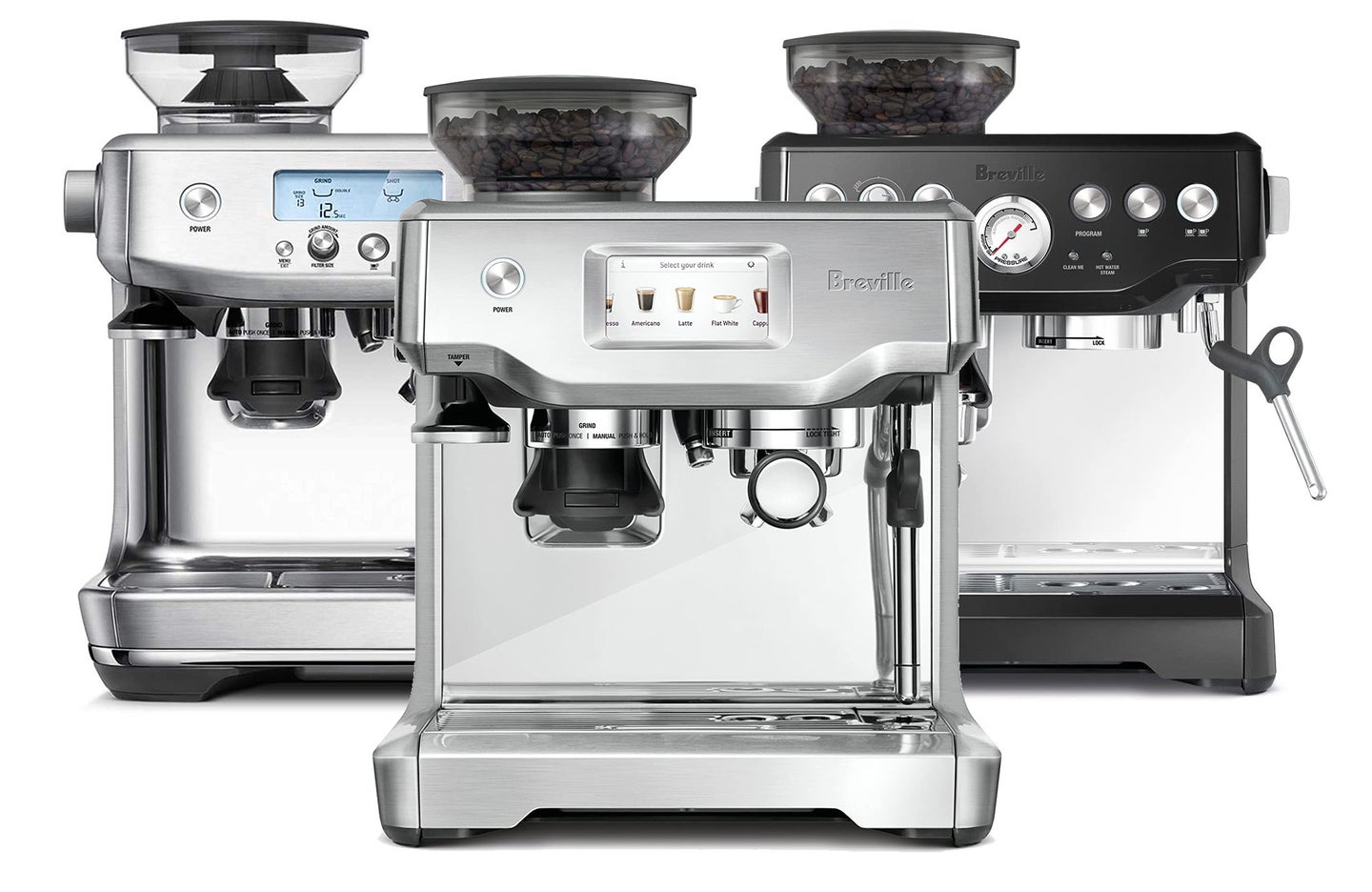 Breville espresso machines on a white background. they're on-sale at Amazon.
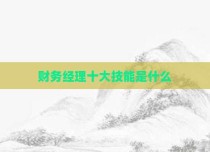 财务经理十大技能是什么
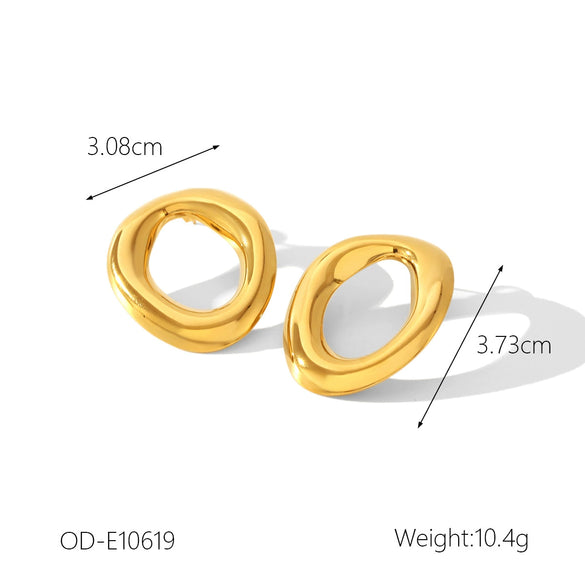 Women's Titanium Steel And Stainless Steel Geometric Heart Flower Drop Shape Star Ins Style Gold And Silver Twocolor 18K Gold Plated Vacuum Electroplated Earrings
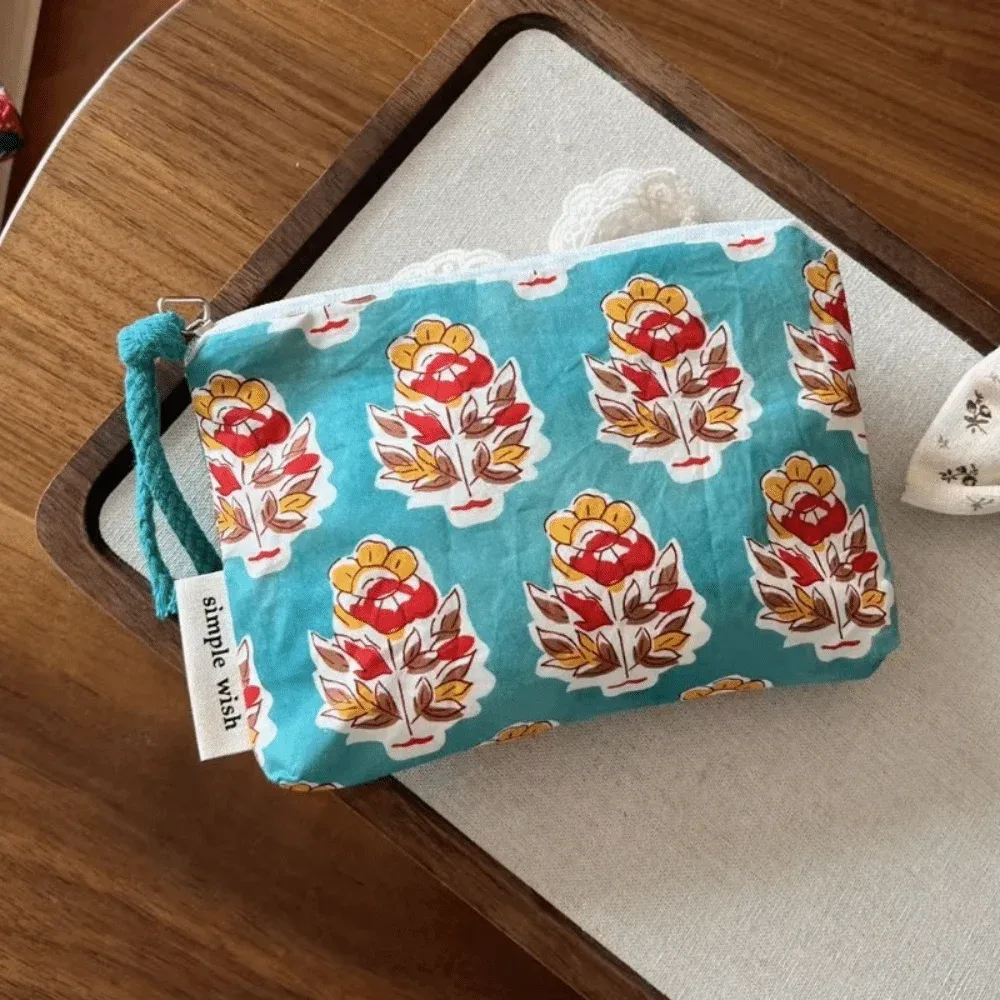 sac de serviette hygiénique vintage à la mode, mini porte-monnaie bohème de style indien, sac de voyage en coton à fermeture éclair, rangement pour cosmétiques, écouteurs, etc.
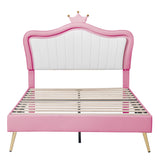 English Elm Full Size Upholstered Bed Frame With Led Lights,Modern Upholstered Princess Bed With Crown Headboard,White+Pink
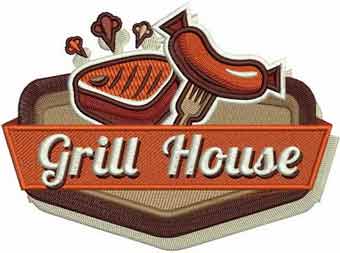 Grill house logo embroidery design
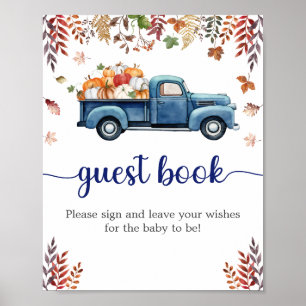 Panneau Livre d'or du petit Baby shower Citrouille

**AIM OF THE TASK:** Transcribe the records word for word and include no pictures.

**YOUR SOLUTION:**
 Breville espresso machines on a white background. they're on-sale at Amazon.
 财务经理十大技能是什么
 Women's Titanium Steel And Stainless Steel Geometric Heart Flower Drop Shape Star Ins Style Gold And Silver Twocolor 18K Gold Plated Vacuum Electroplated Earrings
 sac de serviette hygiénique vintage à la mode, mini porte-monnaie bohème de style indien, sac de voyage en coton à fermeture éclair, rangement pour cosmétiques, écouteurs, etc.
 English Elm Full Size Upholstered Bed Frame With Led Lights,Modern Upholstered Princess Bed With Crown Headboard,White+Pink
 Grill house logo embroidery design
 Panneau Livre d'or du petit Baby shower Citrouille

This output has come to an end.